In probably a distant future, we aren’t going to need corn. We will plug some instructions into a machine, a whirring sound will emanate, and a meal will be replicated for consumption. You won’t need to own the food replicator. Instead, you will pay a fee to use it that’s magnitudes less than the current cost of food. The farm as we know it will be a thing of the past.

Automakers are staring down the barrel of a similar fate.

Google and automakers themselves are developing fully autonomous vehicles to be used by the masses. Their solutions are similar to the food replicator of the future: plug in a destination, a whirring sound will emanate and you’ll arrive at your destination. You won’t need to own the autonomous car of the future. Instead, you will pay a fee to use it that’s magnitudes less than the current cost of personal transportation. The car as we know it will be a thing of the past.

The autonomous car is the ocean lapping against the cliff’s edge, slowly — but with increased intensity — swallowing Marchionne’s farm.
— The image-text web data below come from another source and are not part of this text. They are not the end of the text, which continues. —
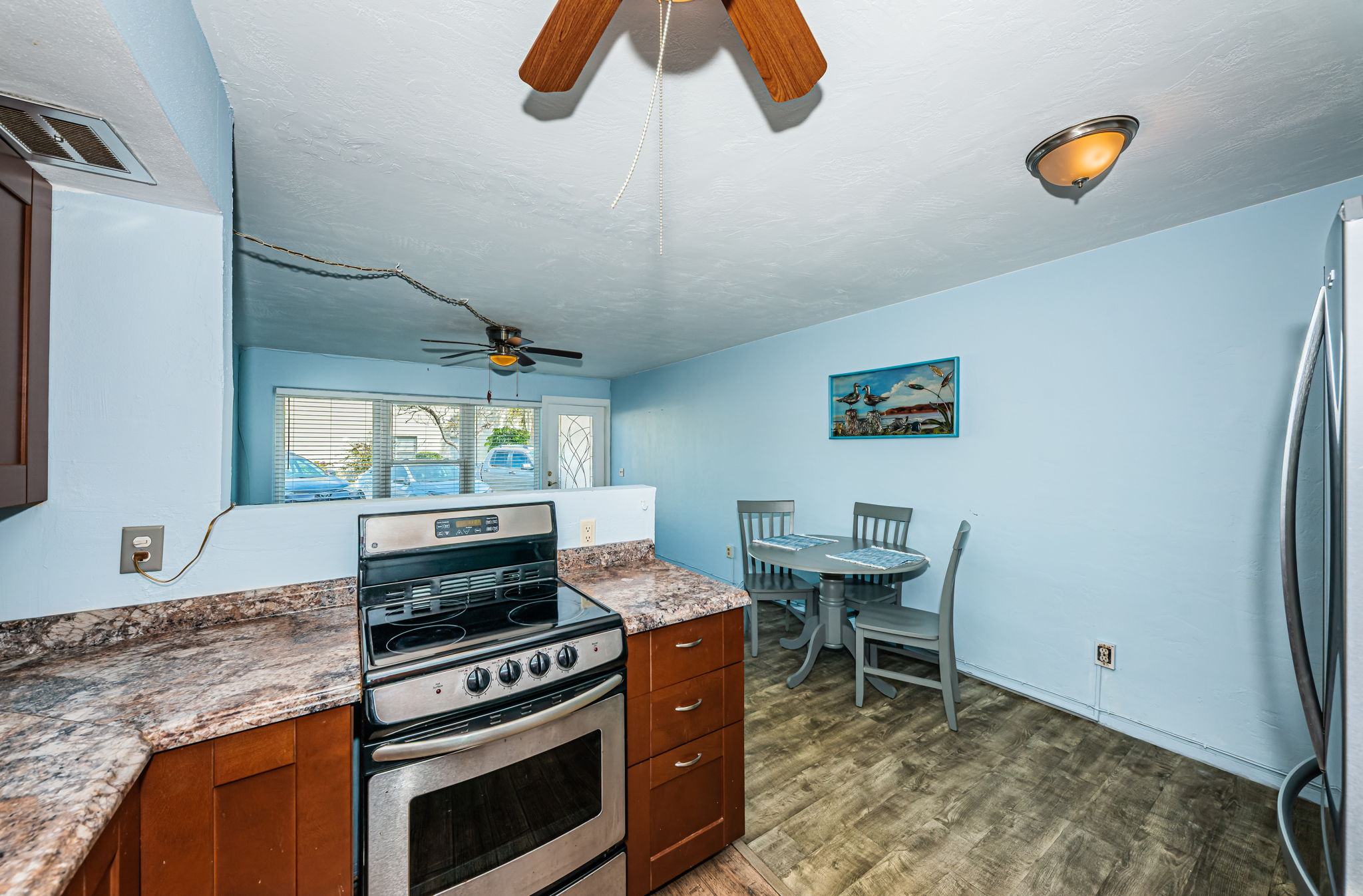 Kitchen 4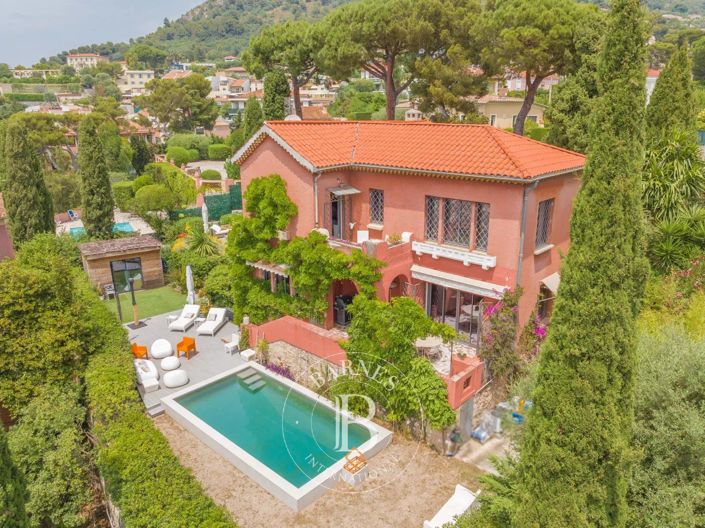 Image No.18-4 Bed House for sale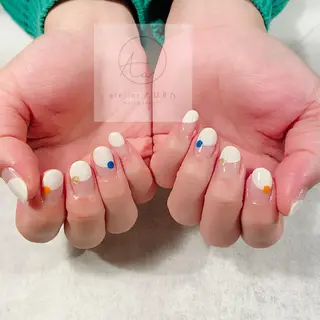 ネイル atelier AURA ｱﾄﾘｴ ｱｳﾗ所属・atelier AURAのネイルデザイン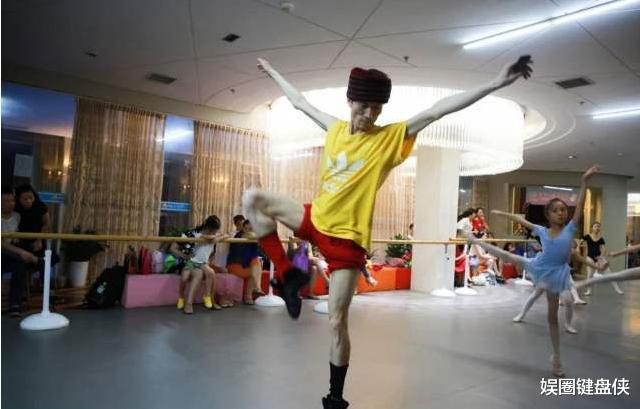 杨丽萍|杨丽萍男徒：年入百万却活成巨婴，靠学生家长照料，至今无人敢嫁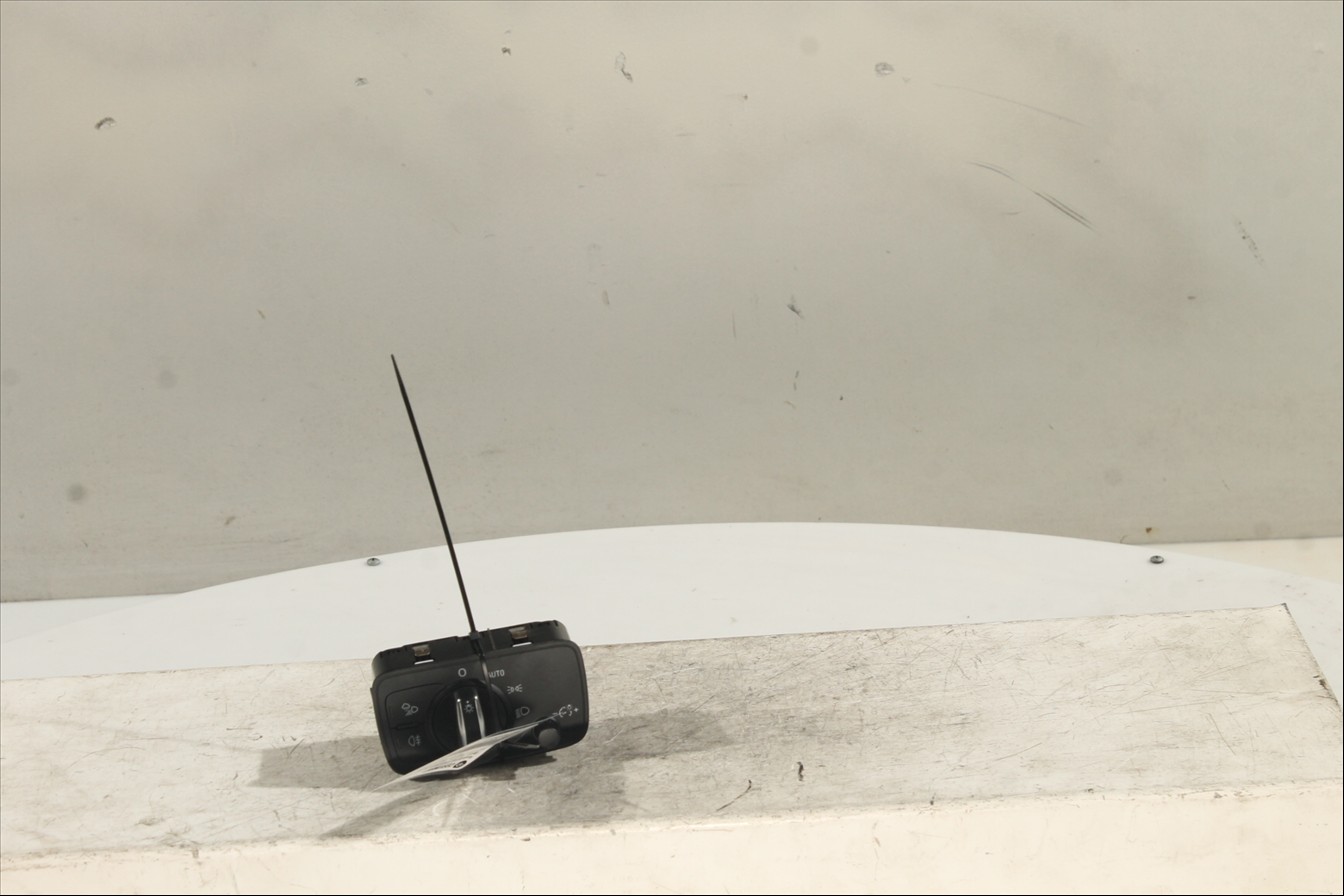 Interruptor y palanca de luces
Now, please, don’t get me wrong. I am in no way saying that the things we love — cars as we know them today — will be gone next year or even in the next 20 years. There might be a few companies still catering to the enthusiast, offering cars as artisanal luxury good for those of us who enjoy the speed and knowledge needed to pilot just such a machine. But the days of the automobile as a privately owned consumer necessity are numbered. Those who enjoy the act of driving will be the gasoline-fed hipsters of tom0rrow.

Marchionne, I assume, knows this. The day his farm is needed is coming to an end. But not today. Today there’s corn to grow and money to be made, and he’s looking at his neighbor at General Farms that grows the same crop.

Farmer Barra, let’s grind some corn together, shall we?